- Date: 22–28 March
- Edition: 3rd
- Surface: Hard (Indoor)
- Location: Lille, France

Champions

Singles
- Zizou Bergs

Doubles
- Benjamin Bonzi / Antoine Hoang
| Play In Challenger |

= 2021 Play In Challenger =

The 2021 Play In Challenger was a professional tennis tournament played on indoor hard courts. It was the third edition of the tournament which was part of the 2021 ATP Challenger Tour. It took place in Lille, France, between 22 and 28 March 2021.

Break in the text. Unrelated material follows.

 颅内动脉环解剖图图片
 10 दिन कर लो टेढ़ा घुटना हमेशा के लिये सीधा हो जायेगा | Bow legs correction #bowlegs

==Singles main-draw entrants==

===Seeds===

| Country | Player | Rank^{1} | Seed |
|---|---|---|---|
| FRA | Grégoire Barrère | 116 | 1 |
| FRA | Benjamin Bonzi | 126 | 2 |
| FRA | Arthur Rinderknech | 127 | 3 |
| FRA | Antoine Hoang | 131 | 4 |
| GER | Oscar Otte | 153 | 5 |
| FRA | Alexandre Müller | 197 | 6 |
| GER | Maximilian Marterer | 209 | 7 |
| FRA | Quentin Halys | 212 | 8 |

- ^{1} Rankings are as of 15 March 2021.

===Other entrants===
The following players received wildcards into the singles main draw:
- FRA Arthur Cazaux
- FRA Evan Furness
- FRA Lilian Marmousez

The following player received entry into the singles main draw using a protected ranking:
- GER Dustin Brown

The following player received entry into the singles main draw as an alternate:
- FRA Maxime Hamou

The following players received entry from the qualifying draw:
- BEL Zizou Bergs
- FRA Jurgen Briand
- FRA Baptiste Crepatte
- FRA Matteo Martineau

The following player received entry as a lucky loser:
- ROU Filip Cristian Jianu

==Champions==

===Singles===

- BEL Zizou Bergs def. FRA Grégoire Barrère 4–6, 6–1, 7–6^{(7–5)}.

===Doubles===

- FRA Benjamin Bonzi / FRA Antoine Hoang def. FRA Dan Added / BEL Michael Geerts 6–3, 6–1.